In this case, we have determined above that the company and trust would be dealing with each other at arm's length in relation to the transfer in the particular circumstances detailed above. Subsection 109C(4) of the ITAA 1936, however, provides that the amount of the payment is the amount that would have been paid for the transfer by parties dealing at arm's length, which in this case would be the value of the whole property, that is, the land and the buildings. As the consideration to be given in this case is only the market value of the land portion of the property, there will be a payment for the purposes of section 109C of the ITAA 1936 amounting to the difference between the value of the whole property and the consideration given.

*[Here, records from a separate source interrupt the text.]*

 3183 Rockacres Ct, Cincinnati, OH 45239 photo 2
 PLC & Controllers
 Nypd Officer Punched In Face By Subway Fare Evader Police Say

Subsection 109C(4) of the ITAA 1936 will therefore not apply to reduce the amount of the payment for the purposes of section 109C of the ITAA 1936 to nil.
Note
The amount of the dividend paid is limited to the distributable surplus of the company (section 109Y of the ITAA 1936).
Question 2
Division 7A of the ITAA 1936 treats certain kinds of amounts as dividends paid by a private company. We have determined above for question 2 that section 109C of the ITAA 1936, which is contained in Division 7A of the ITAA 1936, will apply in relation to the transfer of the land. The other provisions in Division 7A of the ITAA 1936 relate to amounts lent by a company and debts owed to a company, and will not apply in relation to the transfer.
Discretion under section 109RB of the ITAA 1936
Section 109RB of the ITAA 1936 provides the Commissioner with a discretion to disregard the operation of Division 7A of the ITAA 1936 where a private company is taken to pay a particular dividend to a particular entity and the result arises because of an honest mistake or inadvertent omission by any of the following entities:
· the recipient
· the private company
· any other entity whose conduct contributed to that result.
The exercise of this discretion has not been considered as part of this private ruling as this was not requested by you in your application. A further application can be made if you require the exercise of this discretion to be considered. Any such application should provide the full circumstances of the honest mistake or inadvertent omission.
Taxation Ruling TR 2010/8 and Practice Statement Law Administration PS LA 2011/29 provide further information about this discretion.